Oh yeah.  So, short of flying to Enid, Oklahoma to respond to a Craigslist ad, what does a Huntsville Outdoorsman do to satisfy the thirst for all things JEEP?  In other words, what is this article all about?  Well, mostly looking.  The article about the best places in North Alabama to take a JEEP will have to come after I actually own one.

But the good news is, it turns out looking is pretty fun.  And you’d be surprised at the places to look around here.  Take a day, a half-day, or a weekend and kick some tires.
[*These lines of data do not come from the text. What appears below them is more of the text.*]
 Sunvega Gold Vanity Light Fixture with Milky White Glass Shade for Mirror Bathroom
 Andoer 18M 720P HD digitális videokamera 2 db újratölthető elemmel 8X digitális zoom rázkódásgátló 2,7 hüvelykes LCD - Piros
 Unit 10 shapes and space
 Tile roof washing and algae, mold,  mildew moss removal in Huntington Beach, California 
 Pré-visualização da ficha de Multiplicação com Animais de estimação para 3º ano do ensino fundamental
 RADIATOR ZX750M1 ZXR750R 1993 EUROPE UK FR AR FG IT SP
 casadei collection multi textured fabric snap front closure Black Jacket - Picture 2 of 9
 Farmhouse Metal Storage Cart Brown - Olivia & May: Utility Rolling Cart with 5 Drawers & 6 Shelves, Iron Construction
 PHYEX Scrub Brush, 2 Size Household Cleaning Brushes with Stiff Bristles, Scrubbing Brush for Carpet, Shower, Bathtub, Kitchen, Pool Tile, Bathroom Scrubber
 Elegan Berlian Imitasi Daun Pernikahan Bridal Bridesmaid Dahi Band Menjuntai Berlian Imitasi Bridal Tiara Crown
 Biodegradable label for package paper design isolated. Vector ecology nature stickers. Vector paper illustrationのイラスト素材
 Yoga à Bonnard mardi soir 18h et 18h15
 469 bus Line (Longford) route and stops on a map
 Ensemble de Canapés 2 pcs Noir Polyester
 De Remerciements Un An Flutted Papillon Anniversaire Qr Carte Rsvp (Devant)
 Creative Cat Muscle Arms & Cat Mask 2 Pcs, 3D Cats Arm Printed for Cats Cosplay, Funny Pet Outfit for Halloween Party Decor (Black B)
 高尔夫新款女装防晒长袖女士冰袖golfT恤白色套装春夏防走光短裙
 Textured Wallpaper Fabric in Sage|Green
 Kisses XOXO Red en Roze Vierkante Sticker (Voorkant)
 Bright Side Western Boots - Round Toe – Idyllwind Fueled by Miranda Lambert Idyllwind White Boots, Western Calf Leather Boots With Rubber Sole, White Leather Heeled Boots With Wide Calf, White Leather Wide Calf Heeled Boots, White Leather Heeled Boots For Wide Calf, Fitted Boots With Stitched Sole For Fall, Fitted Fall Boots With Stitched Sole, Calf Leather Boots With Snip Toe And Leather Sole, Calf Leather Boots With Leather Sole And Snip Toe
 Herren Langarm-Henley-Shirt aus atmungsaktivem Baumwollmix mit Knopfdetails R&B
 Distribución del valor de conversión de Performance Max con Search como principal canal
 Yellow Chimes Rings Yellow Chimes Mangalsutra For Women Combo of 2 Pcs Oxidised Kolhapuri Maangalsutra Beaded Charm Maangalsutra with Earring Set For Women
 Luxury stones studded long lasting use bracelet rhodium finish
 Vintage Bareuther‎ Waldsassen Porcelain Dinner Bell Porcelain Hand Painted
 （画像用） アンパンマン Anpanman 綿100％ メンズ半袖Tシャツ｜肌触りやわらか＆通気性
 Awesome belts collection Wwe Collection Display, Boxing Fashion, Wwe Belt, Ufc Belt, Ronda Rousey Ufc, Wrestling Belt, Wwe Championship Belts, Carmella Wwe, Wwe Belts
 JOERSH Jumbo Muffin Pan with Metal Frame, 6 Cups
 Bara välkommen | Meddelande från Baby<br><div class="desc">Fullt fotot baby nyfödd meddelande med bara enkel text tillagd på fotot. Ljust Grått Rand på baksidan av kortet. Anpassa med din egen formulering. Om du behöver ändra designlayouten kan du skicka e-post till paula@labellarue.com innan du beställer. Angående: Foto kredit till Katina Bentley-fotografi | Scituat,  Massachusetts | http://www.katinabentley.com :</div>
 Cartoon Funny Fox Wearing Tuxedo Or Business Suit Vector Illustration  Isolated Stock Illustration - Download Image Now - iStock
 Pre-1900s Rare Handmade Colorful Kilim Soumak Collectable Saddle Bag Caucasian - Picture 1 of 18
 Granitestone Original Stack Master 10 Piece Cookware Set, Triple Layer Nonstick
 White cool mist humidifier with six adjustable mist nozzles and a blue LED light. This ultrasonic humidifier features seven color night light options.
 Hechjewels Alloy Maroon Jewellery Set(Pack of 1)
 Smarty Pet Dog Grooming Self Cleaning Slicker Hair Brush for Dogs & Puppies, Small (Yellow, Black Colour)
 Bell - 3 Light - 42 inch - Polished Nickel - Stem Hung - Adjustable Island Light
Don’t bother with the major dealerships.  You might find a good-looking model, but you have to deal with all the conventional dealership stuff.

One of my favorite places is Gilbert’s Jeeps on the extreme western side of Athens, Alabama.  Gilbert’s is owned by a guy, Gilbert, who is basically just a JEEP enthusiast.  He maintains a pretty small but consistent selection of used JEEPS.  He told me he originally intended to focus on the classic CJs, but economics have forced him to expand a bit.  At any given time nowadays, he can be counted on to have a couple CJs, maybe even a throwback military version from the 1950s, and a good selection of YJs and TJs running up to the past few model years.  For some reason, he’s also been trying to sell a horse-drawn hearse and a condo for some time, too.  Don’t ask.  I don’t know.

Gilbert’s is the most convenient haven for JEEP enthusiasts and super-easy to deal with from a consumer perspective.  If you go, be sure to mention that Huntsville Outdoors sent you.  I am holding out faint hope that he’ll give me a friendly shout-out discount whenever my wife OK’s The Big Purchase.

But I should mention that mods aren’t really Gilbert’s thing.  If you want to buy a JEEP that is already modded out and maybe even – gasp – outfitted for street-riding, you should seriously consider heading over to the Peach State.  Specifically, Cartersville, Georgia, home of two of the best JEEP dealerships in the damn country.  Incidentally, the stores are literally next door to each other, and collectively constitute a real site to behold.

The Pre-Owned Jeep Store has a massive inventory.  Every year and model of Wrangler you can imagine has a good chance of being present on a given Saturday.  You want a rare JEEP Comanche? OK, I know, probably not.  But they have them.  How about a classic Scrambler?  Hell yes, they have those, too.

Don’t find what you like at Pre-Owned?  Mosey down the block to Elite Motors.  But be forewarned.  Elite is really a different class of JEEP store, and it caters to a different class of customer.  Their JEEPS have shiny paint jobs, 6 inch lifts, massive tires, blacked out rims, leather interiors, snorkel kits, Hemi engines, etc.  They are beauties, my friends, and they may cost you.

You know what else might cost you?  Paying a wrecker to pull your pathetic man-van out of the mud on Wheeler Wildlife Refuge after a day of fishing.  Don’t let that happen to you, my friend.  Go search for a JEEP.  Go out in search of adventure.  Go out in search of an American classic.  Get one before Chrysler goes under.  Get one before the Wrangler goes the way of the Ford Explorer and becomes just another metrosexual “cross-over.” If you don’t think it could happen, take a gander at the latest edition of the once rough-and-tumble Cherokee. Oh, how the mighty have fallen.

Long live the Wrangler.  Long live The Dream.